My original decision for Canon back then was because they had these fantastic silent usm lenses that allow you to mf at all times even when the lens is set to af. However, nowadays I find myself using af most of the time except for macro (Magic Lantern focus peaking...) and some in between landscape shots. When in doubt I rather take some safety shots in case the camera's af screws up. 

_I am wondering_: *Do I have to learn to mf because I'm missing out and would get better results?*. One opportunity would be horse shots, I often struggle to get the eyes in focus as they are rather tricky to af when the horse is looking directly towards the camera. Another opportunity would be people portraits and mf'ing the eyes with thin dof.

The reasons for me using af (except for macro) are:

The vf on my crop 60d is too tiny to see anything and the 6d is still a lot smaller than my old analog film eos cameras. This makes it very difficult for me to see where the focus is, esp. outdoors.
I don't have much experience setting the correct mf override, so af focus & recompose is quicker.

I'd like to ask for your experiences and input on this: _(When) do you use mf or af override?_ Thanks!

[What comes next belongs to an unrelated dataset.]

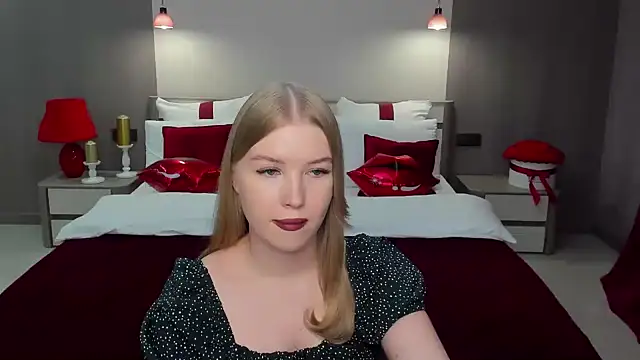 Snapshot of shy__lady chatting on March 2025 09:40:02 PM shy lady online show from March 2025 09:40:02 PM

Edit: Clarified poll options, I hope if squares with the intent of the people who already voted. Usually you perform a pre-test when doing polls :-o


----------



## mdmphoto (Aug 22, 2014)

At times, me and af don't necessarily agree on what should be in focus, or even, albeit rarely, what focus should look like!


----------



## Omni Images (Aug 22, 2014)

I shoot mostly landscape and then nature, birds, with the odd sport thrown in.
Different settings/usage for each.
For landscape, I usually AI single to a point then turn off and shoot single and multi shots for panos.
Birds, nature, usually AI servo, with the back button set to lock to say focus eyes then hold button to hold focus then move composure. Mostly just AI servo, especially for BIF shots, or just AI single for tree shots.
Sports .. depends, skate, usually wide angle pre focus, AF off ... surfing from the shore AI servo, surfing housing, AI servo and then sometimes pre focus, depends on the break I'm at short hollow waves with super wide pre focus, bigger/longer breaks maybe use a 35mm with AI servo on


----------



## Arthur_Nunes (Aug 22, 2014)

Marsu42,

the big advantage of mf in landscape is to achieve maximum depth of field using hyperfocal distance.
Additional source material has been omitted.